I am coding along with the lecture. When I pull code from the indeed website with the proper URL using the git.url command. It is pulling a posting that is not on the page. Any idea of what this could be?


Avatar image for Martin Breuss

Martin Breuss RP Team on Dec. 16, 2020

Hi @jcool78758, I don’t really know what you mean with:

using the git.url

It’s hard to say what you are seeing just from what you wrote. You could post your code and the results you are getting that are surprising, then I might be able to help out.

My suggestion is to try inspecting the indeed website and searching for some text that is in the posting you didn’t expect. See if you can find it in the original HTML, it should be there somewhere :)

Avatar image for jcool78758

jcool78758 on Dec. 16, 2020

My educated guess is there is something in the indeed website since there the code is working properly on the monster site. Is there a way I could attach files of the screenshot and the .py files from the Jupyter notebook to these comments?

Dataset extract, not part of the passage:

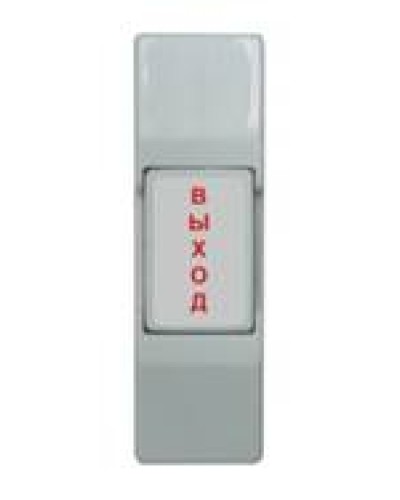 Кнопка выхода Smartec ST-EX011SM в Новом Уренгое Кнопки выхода Pintop.ru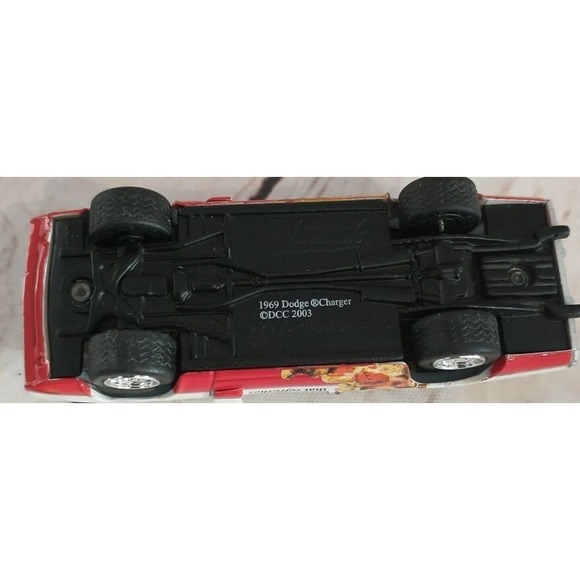 Lot of 4 Coca Cola Hot Wheels Playing Mantis Viper Charger 1970 Plymouth Cuda - Picture 11 of 16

Avatar image for Martin Breuss

Martin Breuss RP Team on Dec. 22, 2020

Hi again, you can’t attach images here, but you can upload them to a hosting service, e.g. Google Drive, and then add the link in this comment.

You could also add the link to your GitHub repo where you’re keeping the code, or add snippets of the code in here. If you do, remember to format them as code!

Did you follow my suggestion and searched the content of the indeed website to see whether the surprising content shows up, and where? What was the result?

Also keep in mind that the exact code that works for the Monster site will definitely not work for the Indeed site. They are built with different HTML, so each scraper needs to work for the specific site structure.